(Source records)
··········
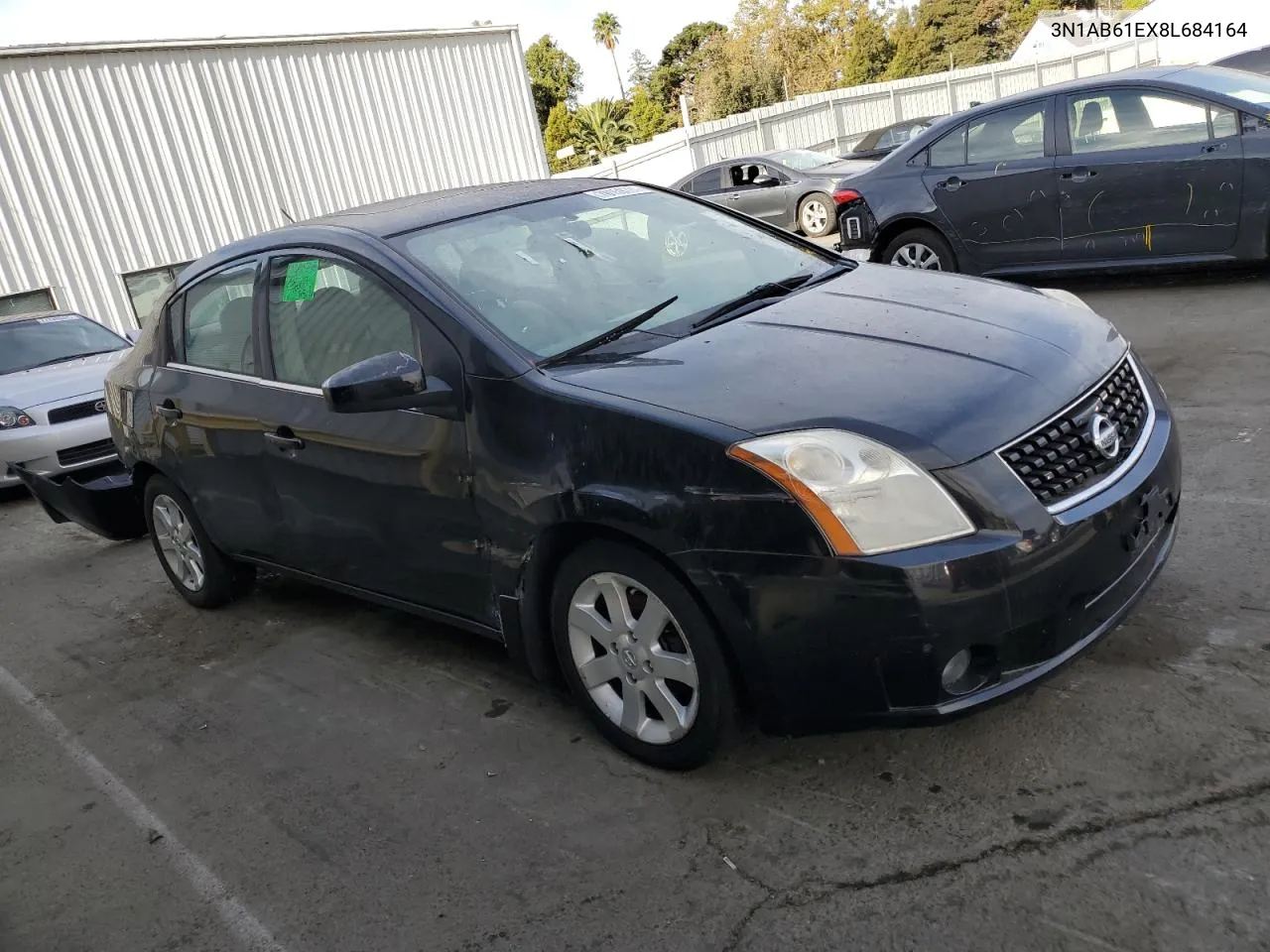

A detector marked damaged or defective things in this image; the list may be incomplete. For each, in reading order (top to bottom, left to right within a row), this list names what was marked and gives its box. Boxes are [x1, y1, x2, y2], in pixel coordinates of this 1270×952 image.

dent in car door [924, 99, 1062, 269]
dent in car door [1056, 88, 1244, 259]
dent in car door [148, 257, 278, 563]
dent in car door [256, 254, 484, 627]
crack in pavement [721, 776, 1270, 952]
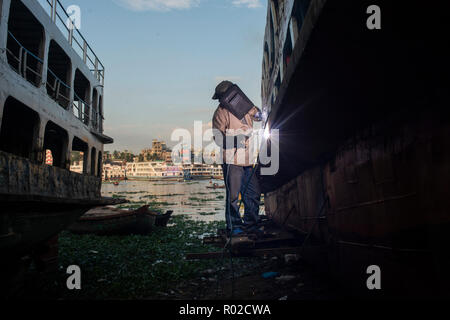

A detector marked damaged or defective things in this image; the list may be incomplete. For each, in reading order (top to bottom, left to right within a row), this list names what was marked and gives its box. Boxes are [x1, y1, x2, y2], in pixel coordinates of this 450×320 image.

rusty ship hull [260, 0, 450, 298]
··········
TASK REQUIREMENTS>
Output every entry word for word, but omit the pictures.

WRITTEN ANSWER>
A detector marked damaged or defective things in this image; the list may be incomplete. For each, in reading order (top to bottom, left to right within a row), this list names what was marked and gives its box. Boxes are [x1, y1, x2, y2], in pixel coordinates of this 1270×952 image.

dent in car door [924, 99, 1062, 269]
dent in car door [1056, 88, 1244, 259]
dent in car door [148, 257, 278, 563]
dent in car door [256, 254, 484, 627]
crack in pavement [721, 776, 1270, 952]

A detector marked damaged or defective things in this image; the list may be incomplete. For each, in reading order (top to bottom, left to right within a row), this list names what was marked and gives its box. Boxes are [x1, y1, x2, y2], in pixel coordinates of this 450×320 image.

rusty ship hull [260, 0, 450, 298]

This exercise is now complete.